When Borderlands first released in 2009, it effectively invented the shooter-looter genre, ingeniously combining the fast-paced fun of FPS gaming with the dopamine-fueled loot grind of RPGs and MMOs. It was a revelation with its gorgeous cel-shaded art style and politically incorrect brand of humor, and one of the most memorable games of that era.
But ten years later, not much has changed. Borderlands 3 is the latest installment of the franchise and, as advertised, it’s bigger, better, and more bombastic than ever, but at its core, it’s essentially the same game.
That cel-shaded art style still looks great, but after countless other titles have used a similar look, it doesn’t have the same impact as before. The series’ lowbrow humor is basically the same too, and if you found it funny then, you’ll find it funny now, but it relies a little too much on memes and South Park-style innuendo to be truly commendable.

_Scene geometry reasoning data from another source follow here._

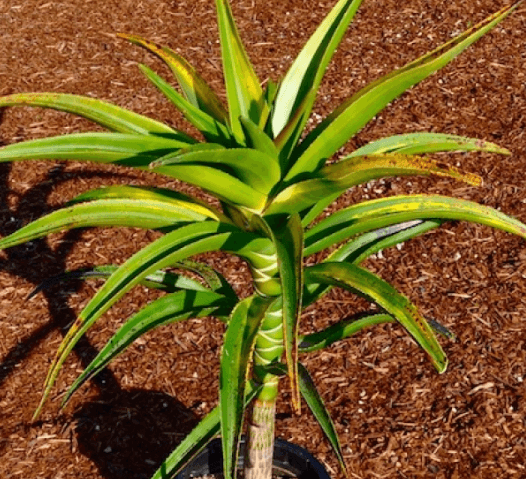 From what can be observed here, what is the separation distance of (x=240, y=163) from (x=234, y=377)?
1.47 feet

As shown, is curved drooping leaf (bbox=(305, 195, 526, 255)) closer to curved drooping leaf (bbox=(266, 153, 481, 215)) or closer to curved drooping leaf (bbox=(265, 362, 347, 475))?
curved drooping leaf (bbox=(266, 153, 481, 215))

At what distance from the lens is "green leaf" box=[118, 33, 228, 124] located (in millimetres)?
1805

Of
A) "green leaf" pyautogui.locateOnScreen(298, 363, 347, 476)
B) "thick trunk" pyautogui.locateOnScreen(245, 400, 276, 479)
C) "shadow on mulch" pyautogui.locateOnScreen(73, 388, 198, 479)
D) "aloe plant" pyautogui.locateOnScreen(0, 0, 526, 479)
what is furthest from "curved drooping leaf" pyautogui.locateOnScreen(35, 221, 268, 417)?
"shadow on mulch" pyautogui.locateOnScreen(73, 388, 198, 479)

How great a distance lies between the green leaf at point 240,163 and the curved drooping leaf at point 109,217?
0.46ft

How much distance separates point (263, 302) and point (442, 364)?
42 cm

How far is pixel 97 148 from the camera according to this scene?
1.64 metres

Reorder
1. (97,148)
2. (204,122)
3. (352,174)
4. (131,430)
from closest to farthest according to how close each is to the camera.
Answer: (352,174)
(97,148)
(204,122)
(131,430)

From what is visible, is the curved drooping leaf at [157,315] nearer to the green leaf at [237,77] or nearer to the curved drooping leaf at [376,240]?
the curved drooping leaf at [376,240]

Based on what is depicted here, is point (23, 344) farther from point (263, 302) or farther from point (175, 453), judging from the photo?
point (263, 302)

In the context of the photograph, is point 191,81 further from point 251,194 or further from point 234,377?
point 234,377

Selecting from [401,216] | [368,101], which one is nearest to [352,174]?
[368,101]

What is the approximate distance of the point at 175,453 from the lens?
6.86 feet

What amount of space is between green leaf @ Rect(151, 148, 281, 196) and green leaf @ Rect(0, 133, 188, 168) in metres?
0.12

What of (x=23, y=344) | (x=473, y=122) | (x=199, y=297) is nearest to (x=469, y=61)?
(x=473, y=122) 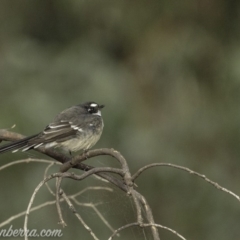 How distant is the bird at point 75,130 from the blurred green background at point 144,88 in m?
1.79

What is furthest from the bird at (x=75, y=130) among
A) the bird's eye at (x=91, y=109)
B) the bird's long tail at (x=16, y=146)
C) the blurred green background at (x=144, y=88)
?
the blurred green background at (x=144, y=88)

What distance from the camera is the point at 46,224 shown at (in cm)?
666

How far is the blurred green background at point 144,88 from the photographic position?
23.7 feet

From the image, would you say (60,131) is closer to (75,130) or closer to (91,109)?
(75,130)

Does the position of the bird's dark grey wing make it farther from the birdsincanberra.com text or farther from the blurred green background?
A: the blurred green background

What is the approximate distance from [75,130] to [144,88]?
3477mm

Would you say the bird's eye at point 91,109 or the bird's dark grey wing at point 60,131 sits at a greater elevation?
the bird's eye at point 91,109

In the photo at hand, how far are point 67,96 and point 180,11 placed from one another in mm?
1910

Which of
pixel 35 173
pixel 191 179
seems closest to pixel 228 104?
pixel 191 179

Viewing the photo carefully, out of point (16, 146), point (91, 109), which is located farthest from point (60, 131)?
point (16, 146)

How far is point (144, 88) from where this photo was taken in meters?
8.11

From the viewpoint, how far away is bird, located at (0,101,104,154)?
4.47 meters

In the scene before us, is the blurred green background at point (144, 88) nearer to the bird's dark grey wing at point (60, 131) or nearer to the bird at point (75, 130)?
the bird at point (75, 130)

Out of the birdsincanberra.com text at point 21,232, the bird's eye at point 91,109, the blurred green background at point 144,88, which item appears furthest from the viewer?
the blurred green background at point 144,88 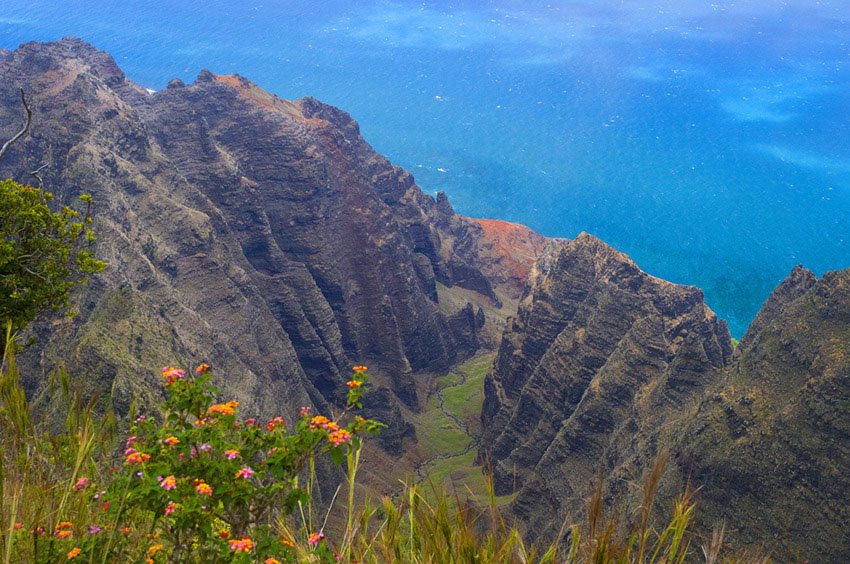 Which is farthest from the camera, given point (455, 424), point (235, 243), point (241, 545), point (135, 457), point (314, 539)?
point (455, 424)

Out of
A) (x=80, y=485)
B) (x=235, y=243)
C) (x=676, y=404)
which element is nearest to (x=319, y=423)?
(x=80, y=485)

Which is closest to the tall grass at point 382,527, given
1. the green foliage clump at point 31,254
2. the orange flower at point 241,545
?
the orange flower at point 241,545

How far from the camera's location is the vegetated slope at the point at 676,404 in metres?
36.9

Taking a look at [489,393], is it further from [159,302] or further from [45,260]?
[45,260]

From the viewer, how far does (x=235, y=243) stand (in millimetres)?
91062

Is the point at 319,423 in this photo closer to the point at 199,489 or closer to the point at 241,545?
the point at 199,489

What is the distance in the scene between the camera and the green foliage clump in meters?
23.9

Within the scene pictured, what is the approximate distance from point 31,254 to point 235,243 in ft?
221

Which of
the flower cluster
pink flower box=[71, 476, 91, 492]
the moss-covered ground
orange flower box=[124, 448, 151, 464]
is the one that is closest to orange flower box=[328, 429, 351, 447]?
the flower cluster

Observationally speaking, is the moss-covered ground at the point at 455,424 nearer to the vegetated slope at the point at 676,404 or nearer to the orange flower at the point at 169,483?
the vegetated slope at the point at 676,404

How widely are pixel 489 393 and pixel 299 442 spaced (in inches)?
3719

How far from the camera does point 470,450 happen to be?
337 ft

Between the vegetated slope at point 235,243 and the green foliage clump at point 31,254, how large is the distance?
46.4 ft

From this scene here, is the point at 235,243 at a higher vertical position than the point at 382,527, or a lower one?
higher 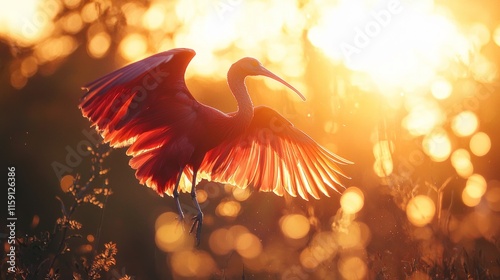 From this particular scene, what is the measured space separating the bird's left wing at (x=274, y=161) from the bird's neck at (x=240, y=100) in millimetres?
1047

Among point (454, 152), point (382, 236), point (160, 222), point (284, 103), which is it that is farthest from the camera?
point (160, 222)

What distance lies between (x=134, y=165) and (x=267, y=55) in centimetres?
567

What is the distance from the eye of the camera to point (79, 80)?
13.8 metres

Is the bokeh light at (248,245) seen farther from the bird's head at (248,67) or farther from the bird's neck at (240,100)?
the bird's head at (248,67)

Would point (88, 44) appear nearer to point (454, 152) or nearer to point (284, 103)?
point (284, 103)

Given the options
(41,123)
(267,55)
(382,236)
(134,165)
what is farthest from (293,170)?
(41,123)

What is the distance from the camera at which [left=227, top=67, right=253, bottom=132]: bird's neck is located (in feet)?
21.7

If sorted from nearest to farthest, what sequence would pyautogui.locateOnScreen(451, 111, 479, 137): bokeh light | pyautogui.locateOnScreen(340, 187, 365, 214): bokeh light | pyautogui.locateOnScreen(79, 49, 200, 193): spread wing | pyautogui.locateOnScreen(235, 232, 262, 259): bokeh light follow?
pyautogui.locateOnScreen(79, 49, 200, 193): spread wing → pyautogui.locateOnScreen(340, 187, 365, 214): bokeh light → pyautogui.locateOnScreen(451, 111, 479, 137): bokeh light → pyautogui.locateOnScreen(235, 232, 262, 259): bokeh light

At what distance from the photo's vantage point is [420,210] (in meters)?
5.87

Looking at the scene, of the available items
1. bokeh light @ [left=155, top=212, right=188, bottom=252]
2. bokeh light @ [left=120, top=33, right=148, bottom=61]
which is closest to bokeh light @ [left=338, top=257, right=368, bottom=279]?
bokeh light @ [left=155, top=212, right=188, bottom=252]

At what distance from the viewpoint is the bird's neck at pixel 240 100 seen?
21.7 ft

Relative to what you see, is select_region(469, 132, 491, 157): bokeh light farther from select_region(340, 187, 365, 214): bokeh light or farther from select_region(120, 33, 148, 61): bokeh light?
select_region(120, 33, 148, 61): bokeh light

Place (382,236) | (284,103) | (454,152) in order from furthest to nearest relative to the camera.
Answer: (284,103) → (454,152) → (382,236)

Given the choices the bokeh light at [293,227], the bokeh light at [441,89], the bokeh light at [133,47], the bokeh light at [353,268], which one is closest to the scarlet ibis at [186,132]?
the bokeh light at [293,227] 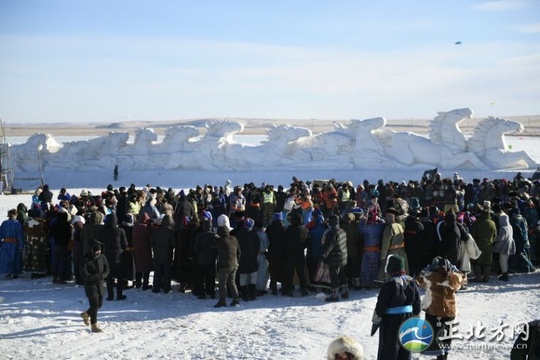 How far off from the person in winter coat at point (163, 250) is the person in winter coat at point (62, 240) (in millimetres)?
1659

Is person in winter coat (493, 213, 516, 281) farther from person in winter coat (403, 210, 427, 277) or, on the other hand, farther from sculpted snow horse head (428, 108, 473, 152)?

The storyline is pretty much the same too: You’re a vault hunter looking for a mythical vault filled to the brim with alien technology. Sure, this time, you get to travel to other planets looking for other vaults, but it’s basically the same thing you’ve already done twice over (three times if you played the pre-sequel).
Twice the antagonism, half the charisma
In Borderlands 2, I didn’t mind the rehashed storyline because the game’s antagonist — Handsome Jack — was so damn charismatic; it was a real delight anytime he showed up. For 3, Gearbox has gone in the complete opposite direction, with a pair of twin antagonists — Troy and Tyreen Calypso — who have somehow managed to supplant Claptrap as the most annoying characters in the series.
The pair lead a cult of personality that has enthralled all of the bandits on Pandora. They recruit followers through live streams and are basically Gearbox’s take on Instagram influencers and YouTube celebrities. They’re meant to annoy you, and sure enough, I found myself really wanting to kill them anytime they showed up, so in that aspect, they succeed as villains, but I didn’t enjoy their frequent appearances in the same way I did with Jack.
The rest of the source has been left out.